# fillet knife that fits a sawzall



## pmach1jeff

Has anyone used a sawzall to clean fish ? I was looking at videos about electric fillet knives and found this guy cleaning fish with some kind of knife he installed in a compact reciprocating saw . I was amazed at how quickly he processed those fish . I haven't seen that before . Is this something new or have I been under a rock ? Here is the link .


----------



## oops1

While he did cut it up fast.. I never saw him bone or skin it.. I don't see any difference in that and an ol Mister twister fillet knife. jus sayin


----------



## pmach1jeff

*Fillet knife*

I doubt if my mister Twister would make steaks out of kingfish . As for taking on a bull Red , well lets say thats a joke .


----------



## doomtrpr_z71

Do you have the regular or the saltwater Mr twister, they are worlds apart performance wise.


----------



## KyDawg

I got a Bubba Blade for Christmas but have not used it yet. Personally I do not like electric knives as I have a hard time withot cutting through small bones and getting them in the filets.


----------



## Anvil Head

learn to use a real knife and you won't need electricity or batteries.


----------



## little rascal

*Wow*

that was a good tutorial on how to waste meat.
What Anvil head said 





> learn to use a real knife and you won't need electricity or batteries.


----------



## northgeorgiasportsman

Anvil Head said:


> learn to use a real knife and you won't need electricity or batteries.



You mean like this guy?



Or this guy?


----------



## NCHillbilly

I do not want or need an electric knife, never had any problems filleting fish with a regular knife. Takes about a minute to fillet and skin a five-pound catfish, less for most fish.


----------



## NCHillbilly

northgeorgiasportsman said:


> You mean like this guy?
> 
> 
> 
> Or this guy?



I'd say them fellers have done that a time or two.


----------



## Heisenberg

pmach1jeff said:


> .....steaks out of kingfish . .




like this?


----------



## Nicodemus

Anvil Head said:


> learn to use a real knife and you won't need electricity or batteries.





little rascal said:


> that was a good tutorial on how to waste meat.
> What Anvil head said





Yep. He threw away a lot of good meat and backbones.


----------



## kmckinnie

I love backbones.


----------



## pmach1jeff

My Charter boat captain is not young anymore and his wrists hurt him , thats why I am trying to find him a better electric fillet knife . He has to clean 50 large fish at a time when he returns from offshore before customers go home and he gets to leave . Need something fast .


----------



## BriarPatch99

10" fabric cutter blade in a mini reciprocating saw . ..


----------



## GLS

Y'all should see Charlie Russo (Russo's Fish Market, Savannah) or his brother Vince remove both rows of Y bones out of a roe shad.  I can watch them do it a 100 times and still not be able to do it.  And I don't know anyone else who can do it, either.  Gil


----------



## Huntsman.45

GLS said:


> Y'all should see Charlie Russo (Russo's Fish Market, Savannah) or his brother Vince remove both rows of Y bones out of a roe shad.  I can watch them do it a 100 times and still not be able to do it.  And I don't know anyone else who can do it, either.  Gil



One of the Russo's have a couple of youtube videos showing how to filet and clean fish. They are good.


----------



## jfish

Filleting is one thing. Most guys don't understand filleting numorous fish with large rib cages. After several fish a regular knife dulls. An electric knife with serrated blade will usually work better.  It's not so much for soft fish so to speak like say Trout.  I mean you can use either for any fish but the electric knife just is easier on the hands.

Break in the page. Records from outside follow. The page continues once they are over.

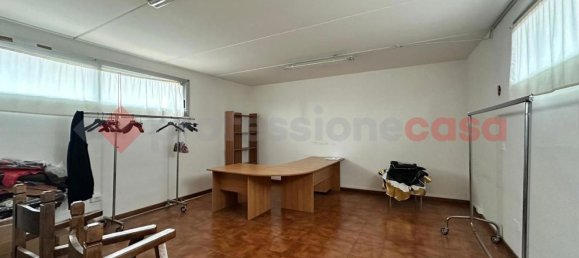 Gewerbliche Immobilie in Laterina Pergine Valdarno, Italy 515m², Nr. 358273 28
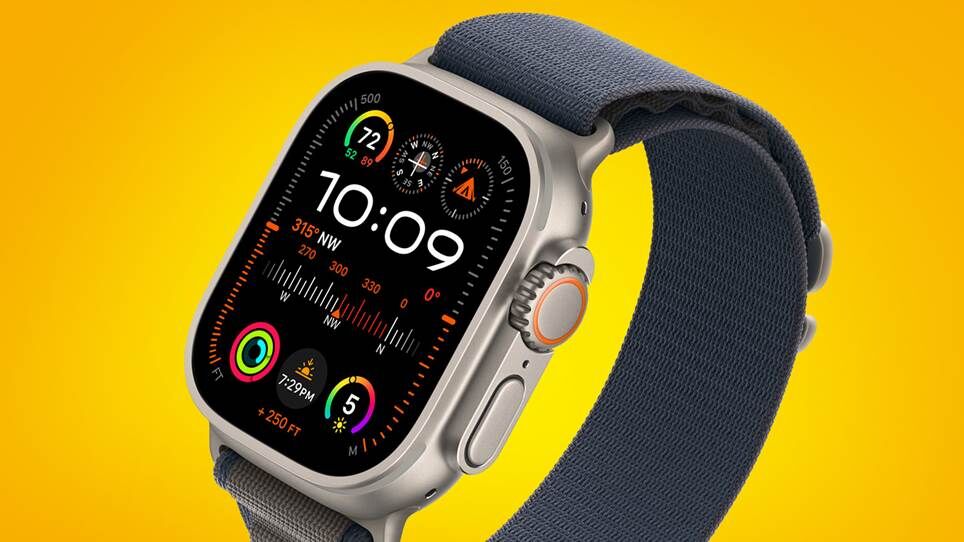 Apple Watch Ultra 2 trên nền màu cam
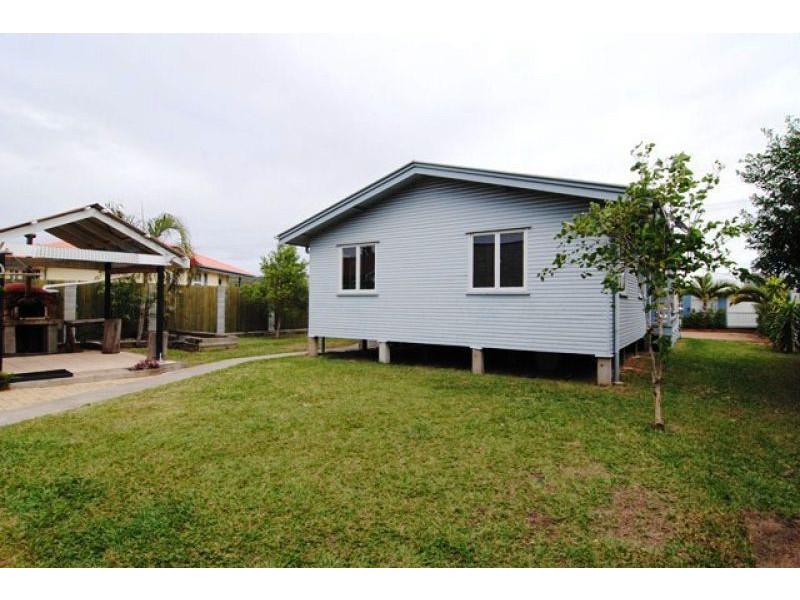 19 Moura Cres, Barney Point QLD 4680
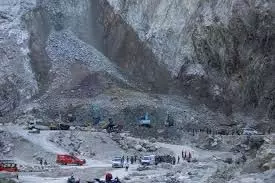 इंडोनेशिया में पत्थर की खदान ढहने से 10 लोगों की मौत इंडोनेशिया में पत्थर की खदान ढहने से 10 लोगों की मौत
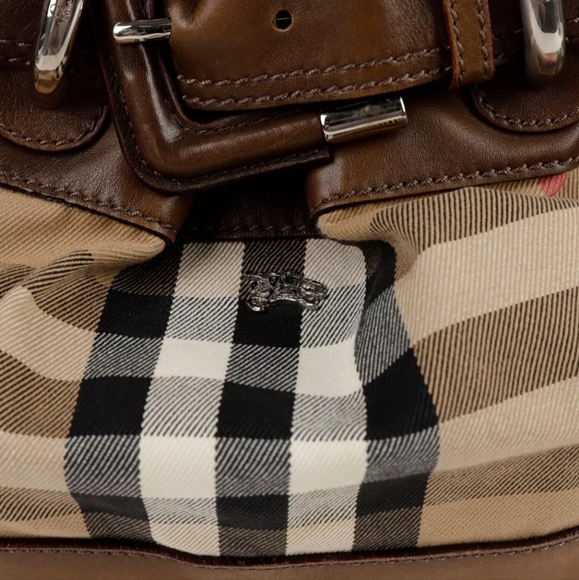 Burberry Beaton Bag - Picture 8 of 16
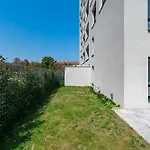 Fabulous With Terrace & Free Parking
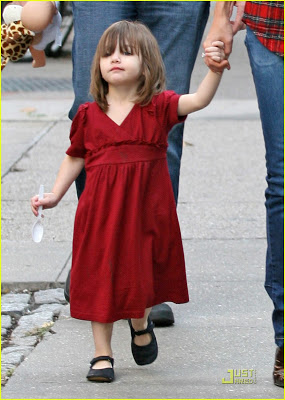 Jara Green Suri-cruise-red-dress-02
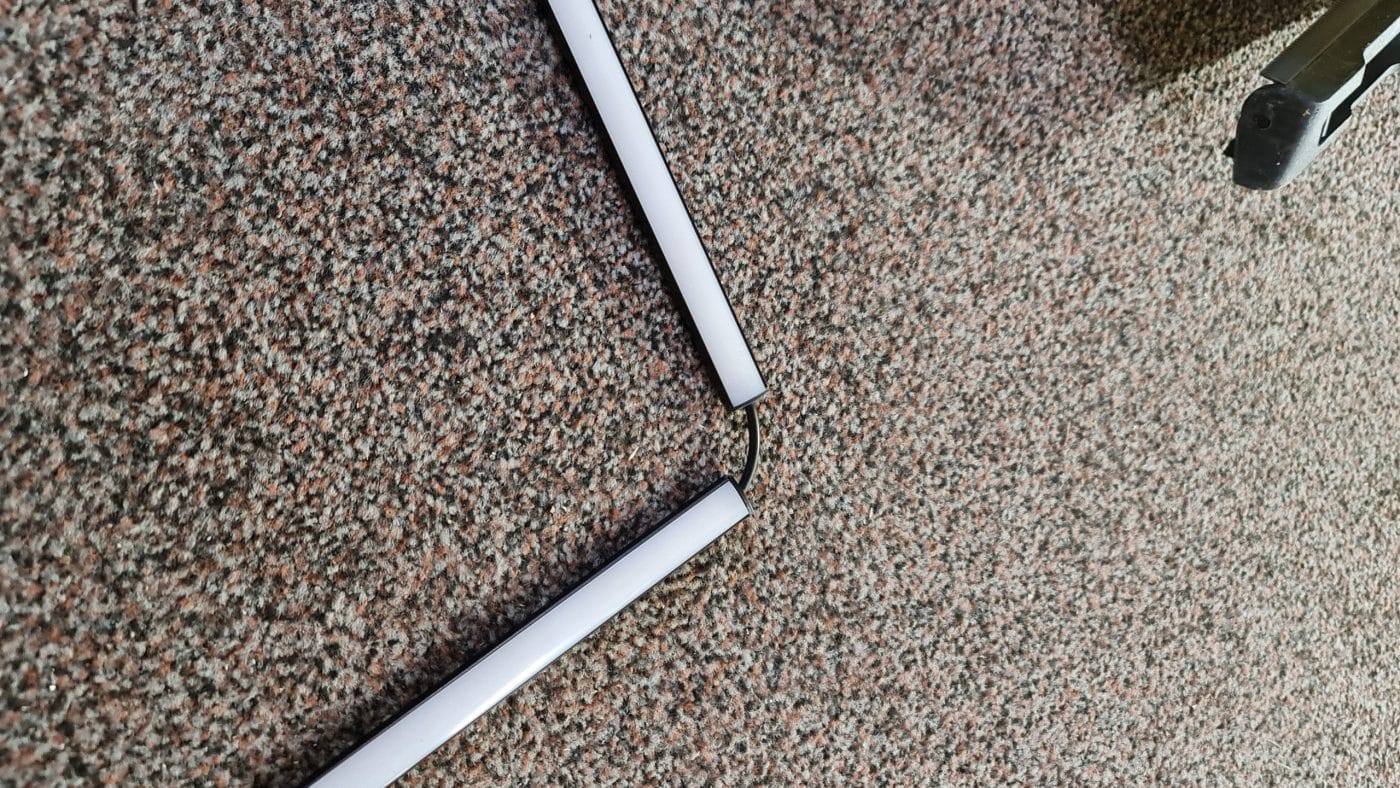 - LedStore Ledlist i svart profil med hörnanslutning, klar för installation.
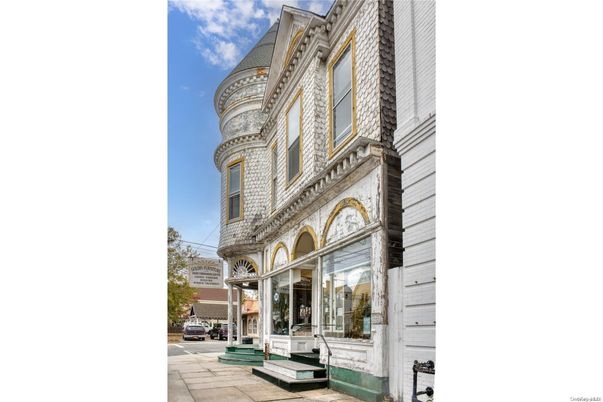 Exterior, Facade, Chicago School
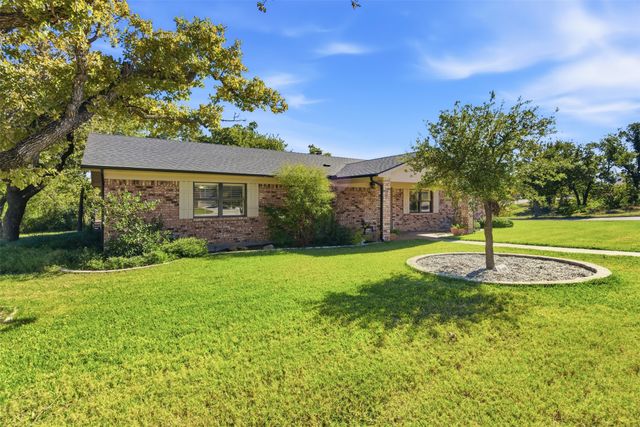 116 Cromeans Street, Jacksboro, TX 76458
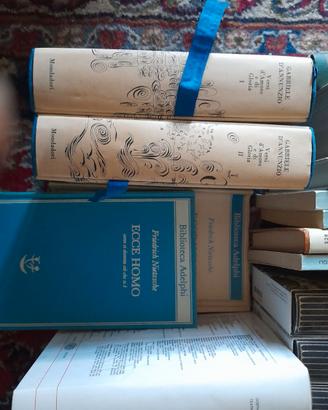 Gabriele  D'Annunzio:Versi d'amore e..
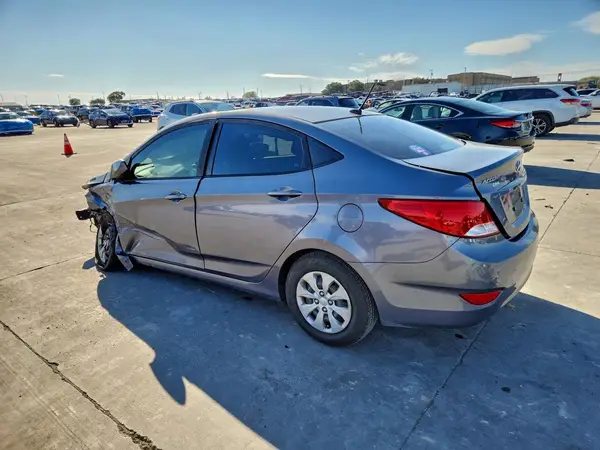 KMHCT4AE7HU190739 2017 HYUNDAI ACCENT - Image 2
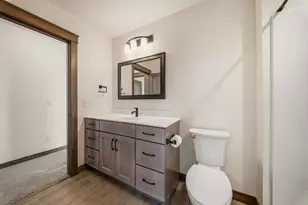 4911 Field Crest Ln, Eau Claire, WI 54701 - Photo 17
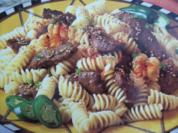 Scharfe Rindfleischstreifen mit Nudeln - Rezept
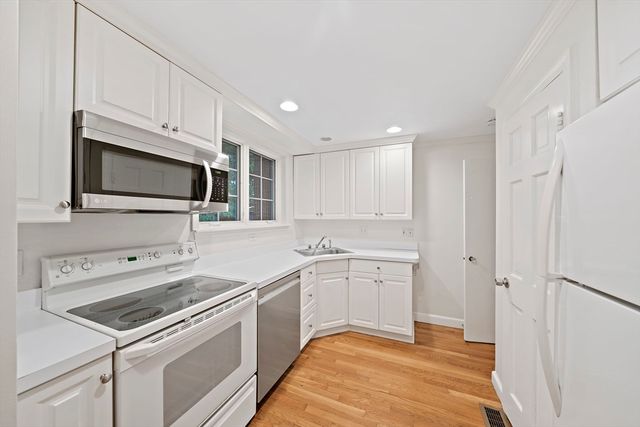 63 Linden Street 1, Wellesley, MA 02482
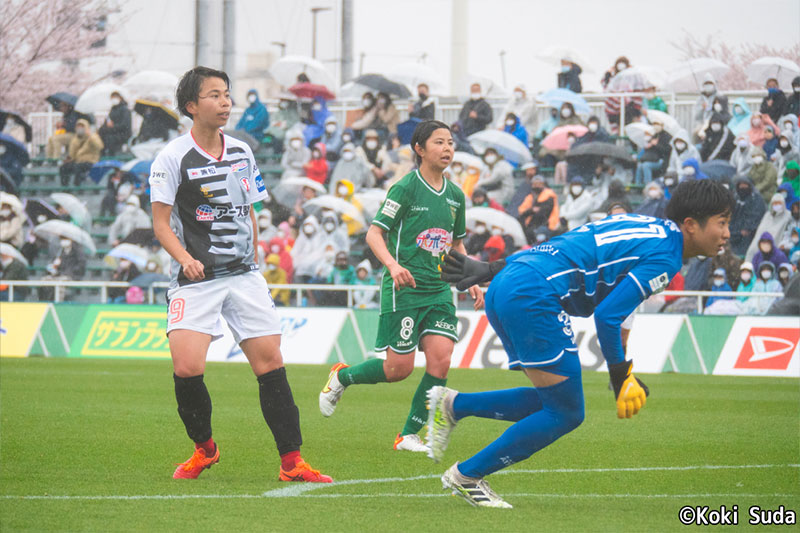 先制点を挙げたI神戸の田中美南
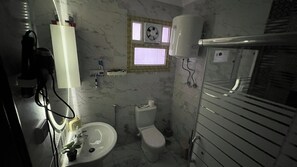 Hair dryer, towels, soap, toilet paper - DoUu Stay 1,Luxury 2BR & Office Modern Homes Zayed (El Sheikh Zayed City)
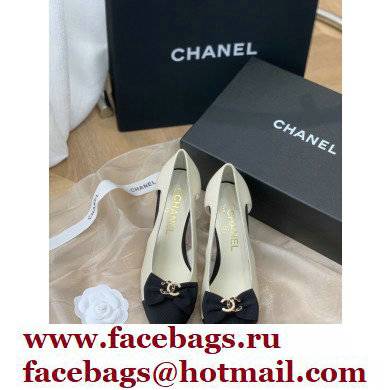 Chanel CC Logo and Bow Pumps White/Black 2022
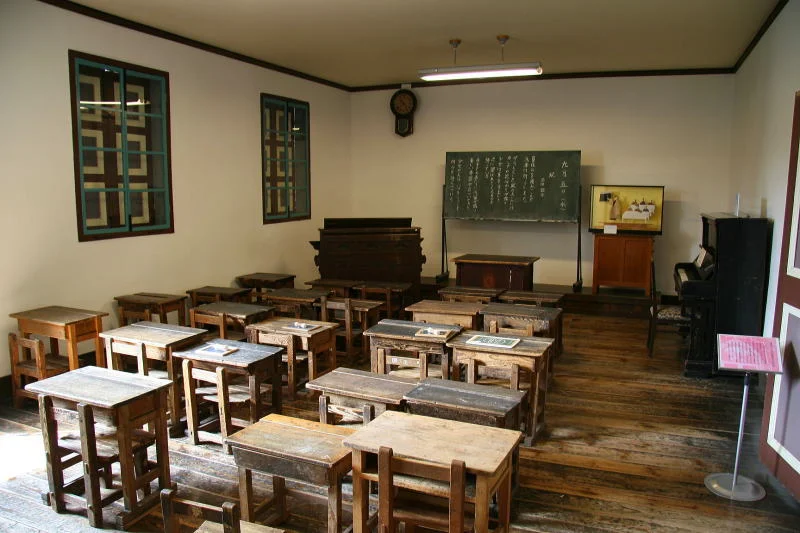 小さい机と椅子が置かれていて当時の教室を再現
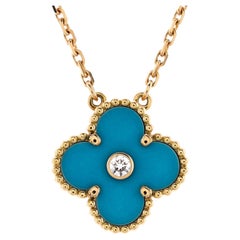 Van Cleef & Arpels, collier pendentif Alhambra vintage en or jaune 18 carats et bleu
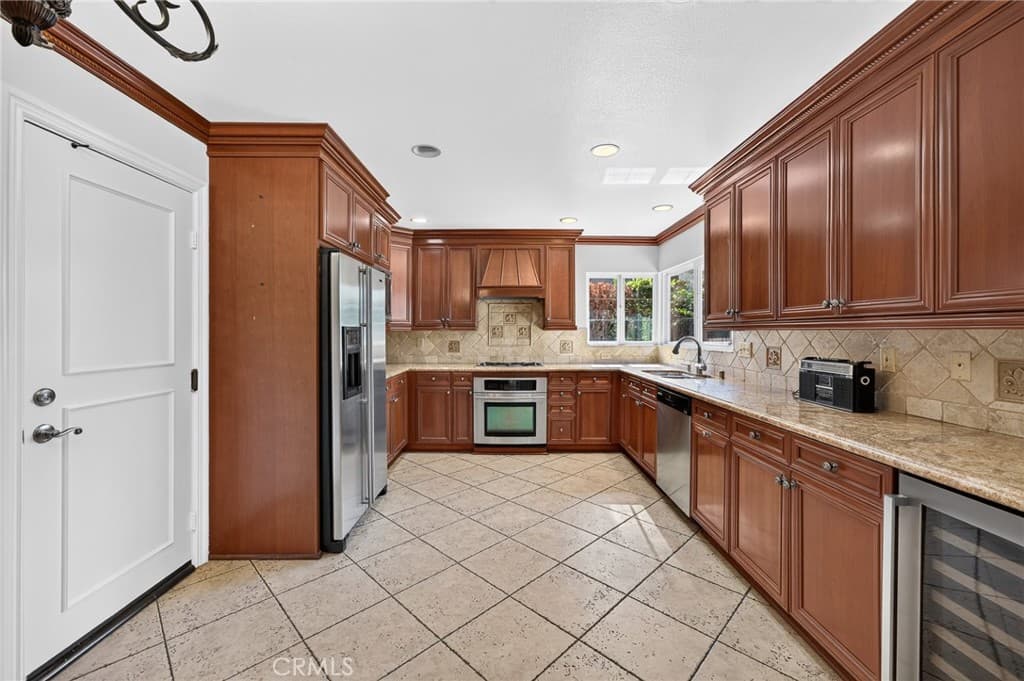Home at 1615 Calle De Armonia, San Dimas — photo 8 of 12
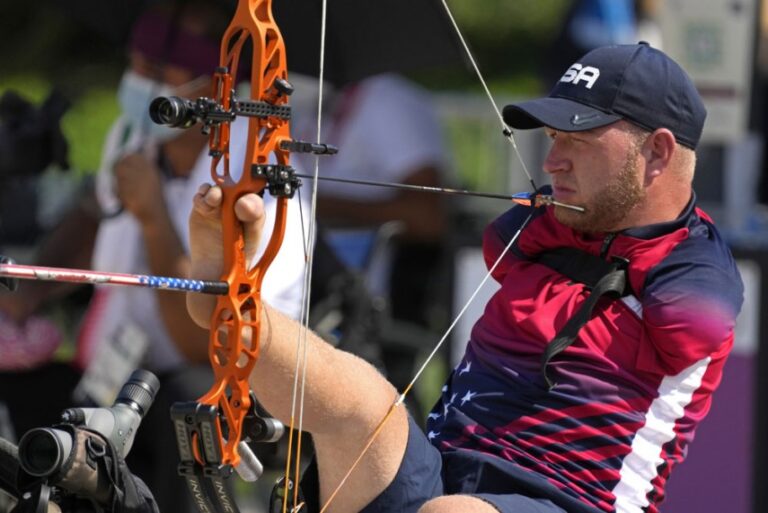 ‘I feel almost like Superman’: Armless archer Stutzman targets elusive gold
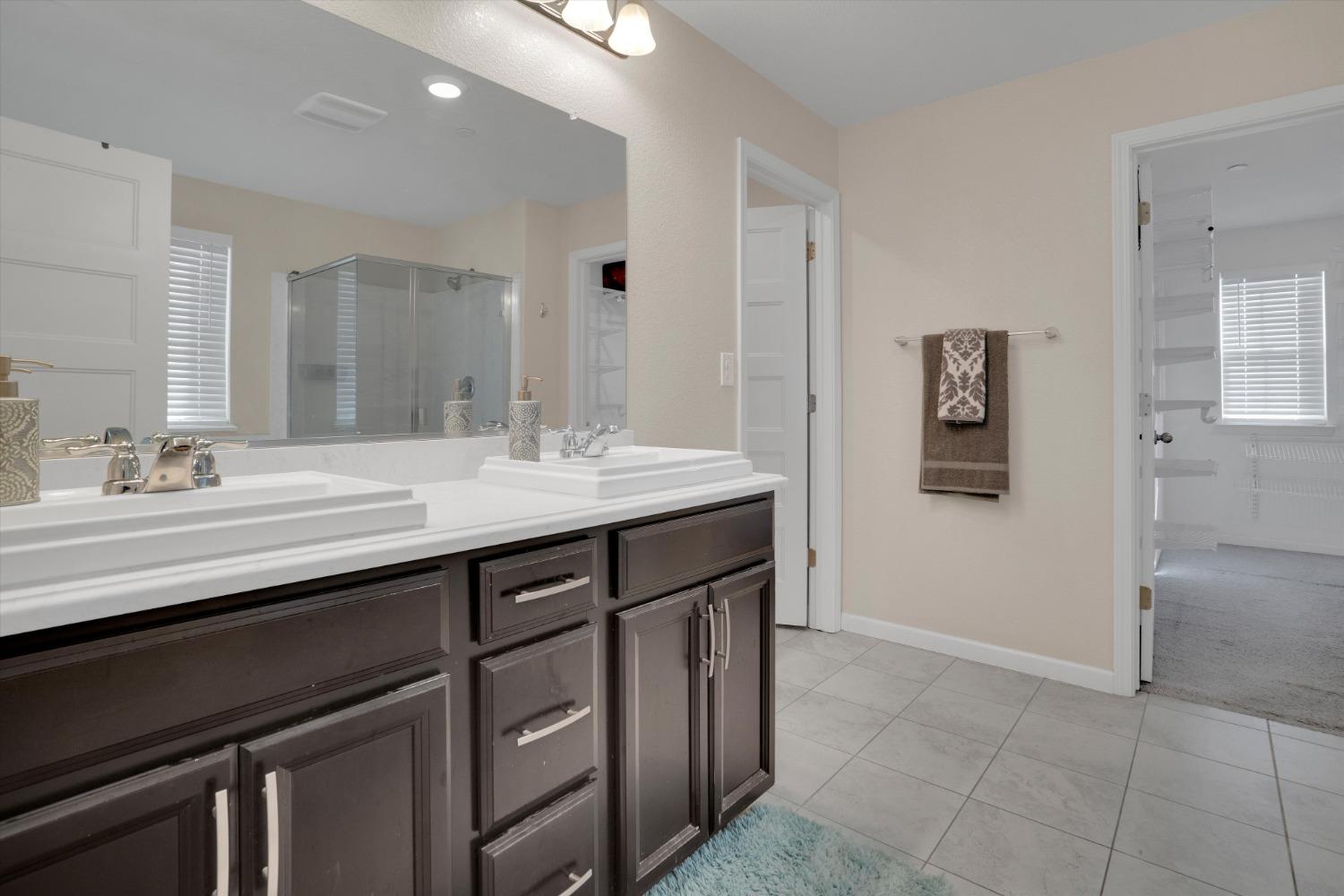 Detail Gallery Image 28 of 37 For 127 Belluno, Stockton,  CA 95209 - 3 Beds | 2/1 Baths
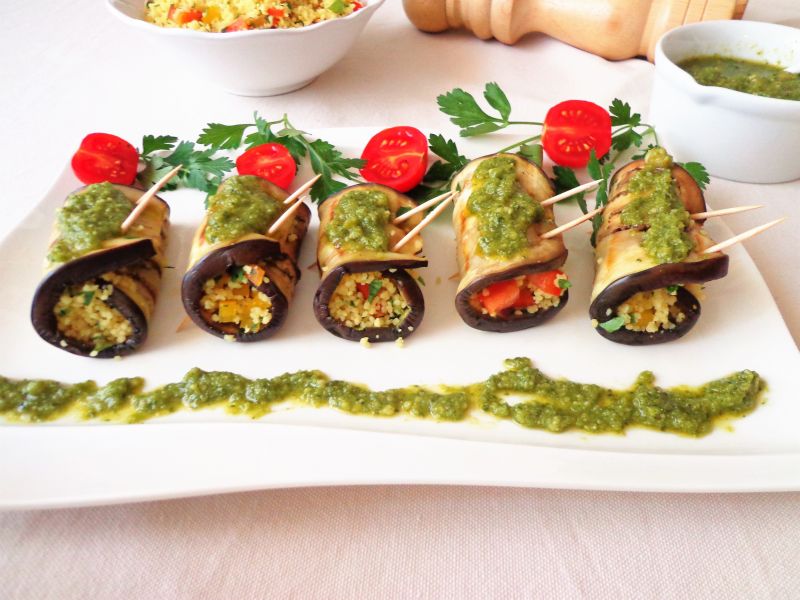 Roladki z bakłażanem, kaszą kuskus i pesto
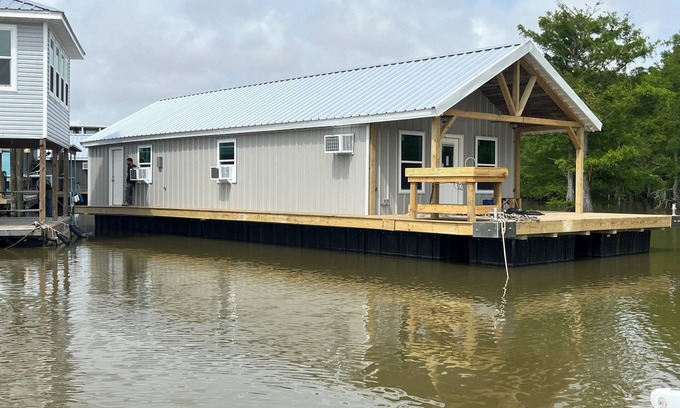 Venice Alquiler De Eote | BOSCOYO "Cypress Knees" - New 3 bedroom 2 bath Houseboat - Cypress Cove Marina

Forgot to add I hate having a charger but the cordless models are way easier to use.


----------



## pmach1jeff

I have to agree with jfish. A regular knife is just no match for a larger fish. The Filletzall set up seems to fit the bill since we are cleaning 50 or more large fish at a time for our charter customers. My captain wants to get the fish clean and customers on their way ASAP so he can get back to drinking beer and telling lies . lol


----------



## joey1919

I bet I could cut myself real good with that thing.


----------



## trippcasey

Id rather have a regular knife. Bones dull them, but stones sharpen them pretty quick. Ive stood toe to toe with an electric knife and get more meat and a better filet every time. I use a 7" for trout, reds, and flounder, but break out the 9" for the big daddy sheeps. To each his own though. Whatever works for you, works for you. I actually enjoy using a traditional knife to cut filets. There is a certain amount of skill and art involved in it, and I am far from mastering that. But that is what makes it cool to me.


----------



## NCHillbilly

I guess my point is that I don't cut through bones on big fish. I use the knife to fillet the meat off of the bones. If you're cutting through the bones, yep, a big electrical knife would be the ticket.


----------



## mr otter

I worked in a fish house for years and no one cuts rib cages, if it takes more than 4 cuts per side you are wasting time.  We cleaned for charter captains every evening for $.60 a lb. Bigger fish are way easier and more profitable.  Sounds like your Capt. Needs some filleting lessons.  Next time I hit the filet table I'll post a video.


----------



## DrK

A serrated Dexter Russel will do that job easily


----------



## jfish

internet forums and responses never seem to amaze me..


----------



## BriarPatch99

Since pmach1jeff asked a question about a blade ... and in post #15 ... I gave him a solution ... but I didn't have a photo ... but I do now ... it will take a little grind work to make it fit a Mini reciprocating saw ... this is a 10 " version ....

These cloth cutter blades are razor sharp and are made of good steel ... a person would have to be extra careful with one of them ... as you would with any really sharp knife .... these are used in  reciprocating"knives" used in the garment industry to cut cloth stacked as deep as 8"/10" ... and these cut it like butter ...


----------



## The black stick of death

Serrated knife for the thick bones


----------